Es gleicht aus der Ferne einem Tafeleisberg, der zu schweben scheint und dessen Ränder von Wellen geformt wurden, seine Umrisse spiegeln sich im Wasser der Magellanstraße — diesen Eindruck soll das Centro Antártico Internacional, das Internationale Antarktiszentrum, bald vermitteln, wenn man sich ihm nähert. Ein Architektenteam aus Santiago gewann mit seinem Designentwurf den im Jahr 2017 ausgeschriebenen internationalen Wettbewerb aus 54 eingereichten Projekten. Mit dem Bau des Centro Antártico Internacional verfolgt Chile nichts Geringeres, als in Punta Arenas das wichtigste Tor zur Westantarktis zu schaffen. Vor wenigen Tagen hat nun das Ministerium für soziale Entwicklung grünes Licht für das Vorhaben gegeben.

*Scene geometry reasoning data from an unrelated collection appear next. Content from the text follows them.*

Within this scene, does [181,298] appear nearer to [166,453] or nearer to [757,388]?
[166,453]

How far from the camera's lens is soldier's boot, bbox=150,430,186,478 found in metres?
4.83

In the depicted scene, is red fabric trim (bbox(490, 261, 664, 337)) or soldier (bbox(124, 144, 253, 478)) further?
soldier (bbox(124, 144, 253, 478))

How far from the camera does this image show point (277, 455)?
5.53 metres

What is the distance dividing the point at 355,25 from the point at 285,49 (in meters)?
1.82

Als eine der wichtigsten Initiativen des chilenischen Sonderentwicklungsplans für Extremgebiete soll das neue umfassende Internationale Antarktiszentrum (CAI) in Punta Arenas eine erstklassige Infrastruktur für exzellente Antarktisforschung und die logistische Unterstützung für Expeditionen auf den weißen Kontinent bereitstellen. Wie das Konsortium der Universitäten von Chile berichtet, sollen mehr als 20 wissenschaftliche Labore und Logistik für 500 Wissenschaftler pro Jahr zur Verfügung stehen. Zudem wird es einen großen Besucherbereich mit interaktiven Räumen, großen Aquarien, einem Dinosaurierpark, Räumen mit nachgestellten Antarktisbedingungen, einer Nachbildung des vor Millionen von Jahren existierenden antarktischen Waldes und mit einem Auditorium für 600 Personen geben.

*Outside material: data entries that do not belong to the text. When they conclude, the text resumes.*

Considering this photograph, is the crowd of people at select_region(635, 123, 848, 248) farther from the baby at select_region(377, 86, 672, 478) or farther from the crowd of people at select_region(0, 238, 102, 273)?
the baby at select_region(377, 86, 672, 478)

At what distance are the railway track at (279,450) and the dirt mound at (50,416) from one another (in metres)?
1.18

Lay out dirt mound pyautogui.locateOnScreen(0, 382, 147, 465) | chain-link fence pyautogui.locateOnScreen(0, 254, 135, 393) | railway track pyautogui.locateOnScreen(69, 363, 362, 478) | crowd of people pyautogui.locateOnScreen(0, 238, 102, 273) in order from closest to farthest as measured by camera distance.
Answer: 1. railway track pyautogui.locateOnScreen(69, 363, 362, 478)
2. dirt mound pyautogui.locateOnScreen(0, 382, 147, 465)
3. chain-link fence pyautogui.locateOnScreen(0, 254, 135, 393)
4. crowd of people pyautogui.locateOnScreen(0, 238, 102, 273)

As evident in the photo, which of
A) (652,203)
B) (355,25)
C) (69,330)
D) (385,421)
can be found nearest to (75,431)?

Das CAI soll also nicht nur der Forschung und Wissenschaft dienen, sondern auch einen gezielten sozioökonomischen Beitrag leisten, indem es mit dem vielfältigen interaktiven Angebot das Wissen der Bevölkerung und der Touristen über die Antarktis erweitert. Die Regierung sieht das Zentrum als einen starken Motor für die Entwicklung, für Arbeitsplätze, für die Ausbildung, die wissenschaftliche Forschung und für den Tourismus.

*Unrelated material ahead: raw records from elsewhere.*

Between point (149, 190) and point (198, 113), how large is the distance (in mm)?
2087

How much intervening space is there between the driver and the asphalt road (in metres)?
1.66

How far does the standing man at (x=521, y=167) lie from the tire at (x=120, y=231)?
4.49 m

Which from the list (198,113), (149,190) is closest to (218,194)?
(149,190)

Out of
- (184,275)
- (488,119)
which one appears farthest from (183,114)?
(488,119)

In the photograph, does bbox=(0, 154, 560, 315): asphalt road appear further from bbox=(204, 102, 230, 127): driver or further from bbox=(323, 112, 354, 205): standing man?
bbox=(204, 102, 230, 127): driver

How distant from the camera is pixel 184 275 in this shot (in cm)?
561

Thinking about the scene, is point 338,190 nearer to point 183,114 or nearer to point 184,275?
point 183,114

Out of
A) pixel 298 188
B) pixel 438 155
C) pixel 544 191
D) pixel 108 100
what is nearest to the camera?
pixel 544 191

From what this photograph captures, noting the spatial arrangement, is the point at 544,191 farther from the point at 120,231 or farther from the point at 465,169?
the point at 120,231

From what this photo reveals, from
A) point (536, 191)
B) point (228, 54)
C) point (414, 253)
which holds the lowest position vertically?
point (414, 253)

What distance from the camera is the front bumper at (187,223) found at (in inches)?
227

Mit den Plänen zum Bau des neuen Centro Antártico Internacional in Punta Arenas, Chile ist im atlantischen Sektor des Südlichen Ozeans ein Wettstreit um den Titel «Tor zur Antarktis» entbrannt. Argentinien möchte Chile natürlich in nichts nachstehen und plant seinerseits ein großes Antarktis-Logistikzentrum in Ushuaia (wir berichteten). Und die Regierung der Falklandinseln ist ebenso entschlossen, seine optimale geografische Lage zu nutzen und plant 60 Millionen Pfund zu investieren, um Logistikleistungen insbesondere für die Mitgliedsstaaten des Antarktisvertrags in der nördlichen Hemisphäre bereitzustellen. Nicht zuletzt ist Südafrika schon vor der Realisierung vom Centro Antártico Internacional sehr angetan und eifert ebenfalls den Plänen Chiles nach. Bereits Anfang letzten Jahres war eine südafrikanische Delegation in Punta Arenas, um sich über das gewaltige Vorhaben zu informieren. Wie El Pingüino berichtete sind die Delegierten etwas eifersüchtig auf die günstige geografische Lage Punta Arenas’ — von Südafrika aus ist der Weg in die Antarktis wesentlich weiter. Daher wollen sie sich nicht in den Wettstreit einmischen und überlegen vielmehr ein kleineres Zentrum zu entwickeln, das nicht nur wissenschaftliche, sondern auch pädagogische, wirtschaftliche und politische Vorteile bringen soll.
Das fast 33.000 Quadratmeter umfassende Gebäude wird Investitionen in Höhe von etwa 65 Milliarden Pesos (70 Millionen Euro) erfordern. Der ursprüngliche Zeitplan sah eine Bauzeit von etwa drei Jahren vor mit der Eröffnung im Jahr 2022. Die Überprüfung zahlreicher technischer Aspekte dauerte allerdings fast zwei Jahre und die Genehmigung konnte erst jetzt erteilt werden. Da nun noch die Finanzierung geklärt werden muss, ist noch einige Geduld gefragt, bis das Tor zur Antarktis seine Pforten öffnen wird. Die Leitung des Zentrums wird das Chilenische Antarktis-Institut und die Universität von Magallanes übernehmen.